発現強度はたいていかなり幅があります 削除/引用 No.176-7 - 2009/03/13 (金) 04:14:30 - Tb 293などのセルラインにGFPベクターをtransfectionしてFACSでみると、バックグラウンドのあたりから振り切れ直前までかなり幅広い強度分布があります。また、GFP-薬剤耐性遺伝子fusionをいれて薬剤選択すると、GFPがFACSでほとんどみえないものも取れてきますので、FACSではみえないくらい弱いけどでも入っている細胞がさらにいるというのがわかります（この場合はstable transfectionの話し）。すなわち、導入効率というと絶対値のように聞こえますが実は判定方法の検出限界に強く依存するということですね。

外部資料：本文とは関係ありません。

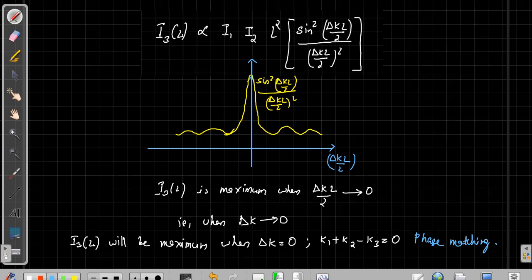In a chi-2 non-linear crystal there can be many processes — sum frequency generation, second harmonic generation, difference frequency generation — but in order to get maximum intensity, the generated frequency must satisfy the phase matching condition. At any given time only one frequency can satisfy the phase matching condition, so not all frequencies can simultaneously be phase matched. This is why, even though all phenomena are possible, only one process is dominant at a time, and which one depends on how the crystal is oriented.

(無題) 削除/引用 No.176-4 - 2009/03/12 (木) 20:15:31 - りょう ひえさん御自身が挙げられた可能性の他として： 問題となっている発現ベクターのインサートが無茶苦茶大きい？ promotorがおかしくなっている？ 蛋白はwesternでintactであることを確認済ですか？ あと、免疫染色の過程には問題ないのですか？細胞が剥れるとか。 おそらく条件設定していた時（pmaxGFPを使用していたとき）は染色の過程は無いのでしょ。

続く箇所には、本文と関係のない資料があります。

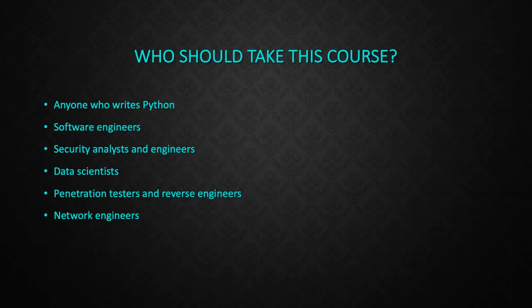This course is aimed at software developers, analysts, security engineers, and scientists who work with Python and binary data, especially if you don't feel comfortable working with bytes and raw data and want to feel confident that you understand working with binary data.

申し訳ありません。 削除/引用 No.176-3 - 2009/03/12 (木) 19:27:52 - ひえ 申し訳ありません。手を抜いたわけではないのですが、海千山千の方々に聞けばすばらしいご意見が伺えるかと思いましたので・・・。 可能性としましては、 １．プラスミドの精製度がわるい。（GFPと同じキットで抽出しましたが。一応トランスフェクショングレードです。） ２．産生されるタンパクに毒性がある。 ３．GFPの量子収率が良すぎて、感度に違いがある。 などでしょうか？それぞれコントロール実験すればよいだけの話なのですが、なかなかそこに手を回すだけの時間が無く、先生方にご質問する次第です。

(無題) 削除/引用 No.176-2 - 2009/03/12 (木) 19:04:03 - ats 少なくともご自分で考えた「いろいろな可能性」を提案し、意見を求めましょう。 無駄が省けます。

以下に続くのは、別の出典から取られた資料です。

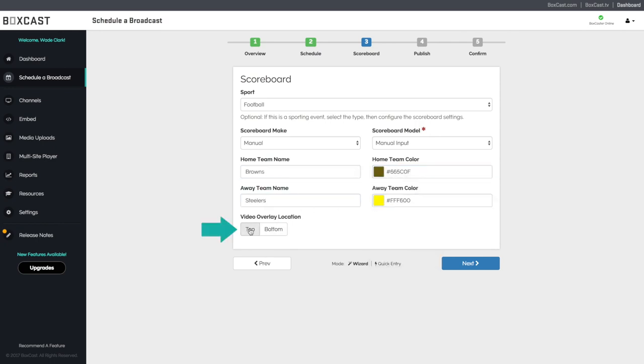The video overlay option allows you to put the scoreboard at the top or bottom of the screen. Now finish scheduling.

遺伝子導入効率 削除/引用 No.176-1 - 2009/03/12 (木) 17:16:28 - ひえ いつもお世話になっています。 今ある遺伝子の機能を調べるために、培養細胞に遺伝子導入を行い、タンパクの強制発現実験をおこなっています。まずは目的の細胞への遺伝子導入条件の検討ということで、pmaxGFPというGFPバリアントのレポーターベクターを使って遺伝子導入して、写真判定および細胞溶解液をフルオロメーターすることで定量して条件を決定しています。使っている導入試薬はロシュのFugeneHDで細胞障害が少ないので細胞数で正規化することは行っておりません。 さてこの方法で決定した遺伝子導入条件である遺伝子を遺伝子導入し、それを免疫染色したところ、レポーターベクターと比較して極めて導入効率が低いという結果となりました。いろいろな可能性が考えられるのですが、このような現象についてどなたか解決法も含めてご教授願えませんでしょうか？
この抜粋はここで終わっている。